• About this exercise: Set down only these lines, exactly: the line containing "Hello and welcome" and all lines through the end of the data below. Omit pictures.

• Stored data:
--------
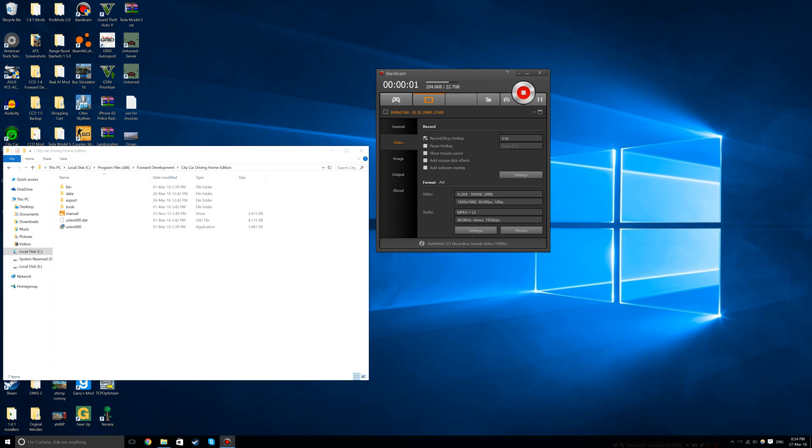Hey everybody. Today I'm going to be teaching you how to convert PKG or pack mods into raw mods in City Car Driving 1.5.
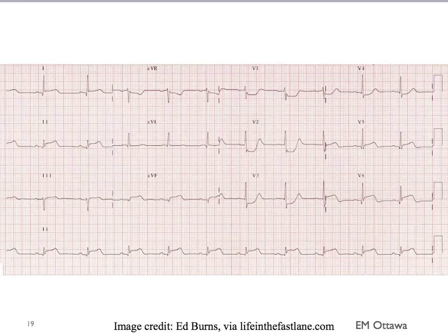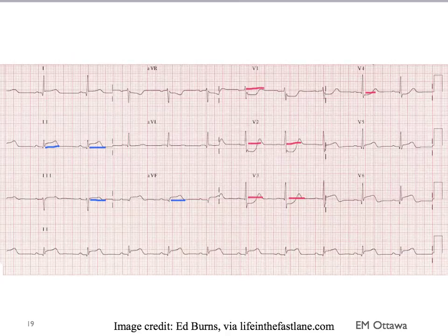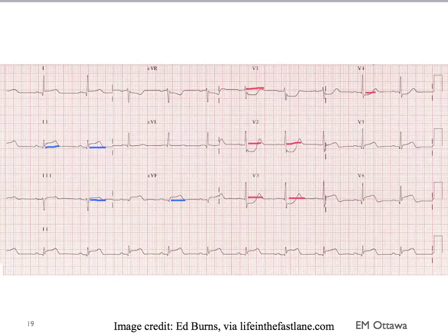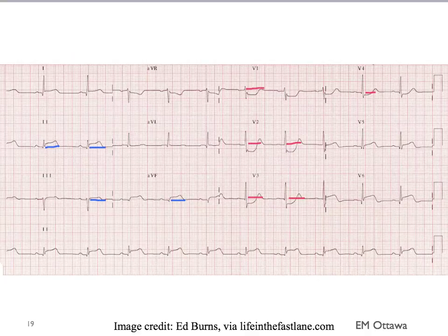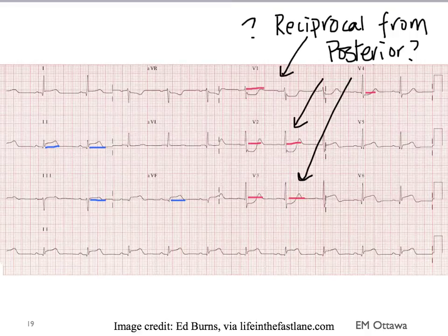How about this one? There are very subtle ST elevations in the inferior leads. There are also ST depressions in V1 to V4 in the anterior leads. We know the inferior wall reciprocates with the lateral, not the anterior, so the anterior ST depressions must be coming from something else — possibly ischemic changes, or reciprocal changes from a posterior ST elevation MI. This is one of the reasons we perform a 15-lead ECG, looking for posterior leads.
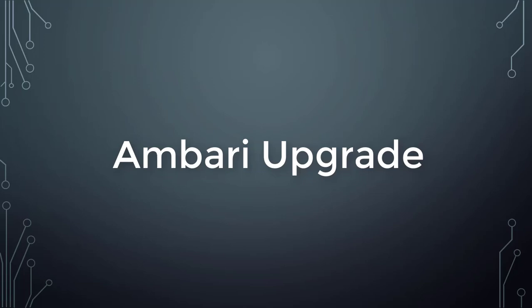Hello and welcome to this course on Hortonworks Data Platform administration. My name is Sigish and in this video I will show you how to upgrade Ambari. We can upgrade Ambari server and agent separately.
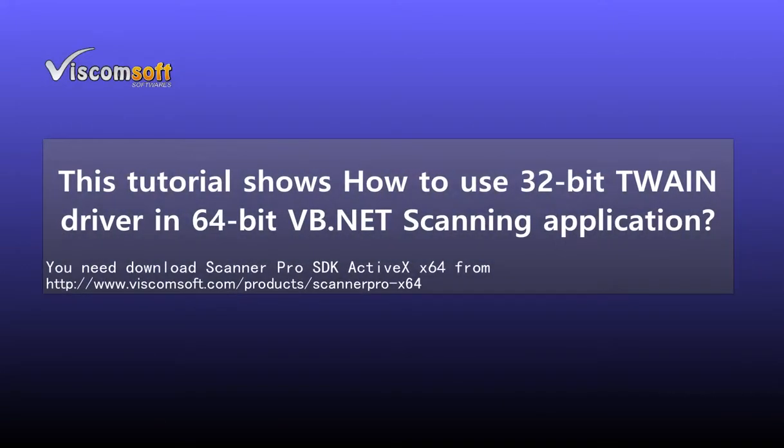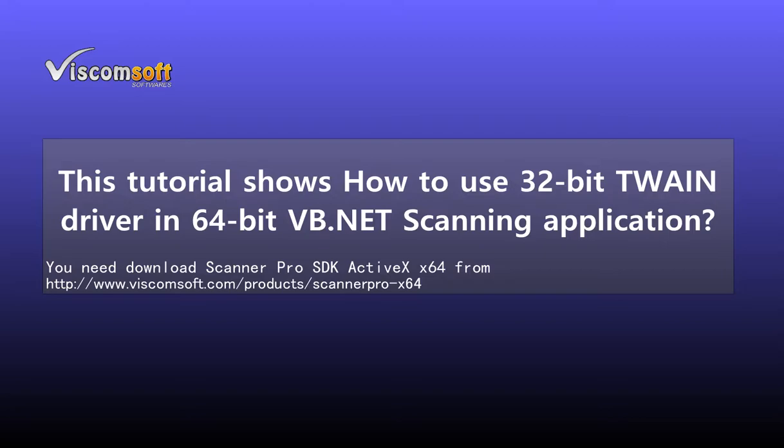This tutorial shows how to use 32-bit TWAIN driver in 64-bit VB.NET scanning application. You need to download Scanner Pro SDK ActiveX x64 from http://www.viscomsoft.com/products/scannerpro-x64.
--------
• Response to this task:
Hello and welcome to this course on Hortonworks Data Platform administration. My name is Sigish and in this video I will show you how to upgrade Ambari. We can upgrade Ambari server and agent separately.
This tutorial shows how to use 32-bit TWAIN driver in 64-bit VB.NET scanning application. You need to download Scanner Pro SDK ActiveX x64 from http://www.viscomsoft.com/products/scannerpro-x64.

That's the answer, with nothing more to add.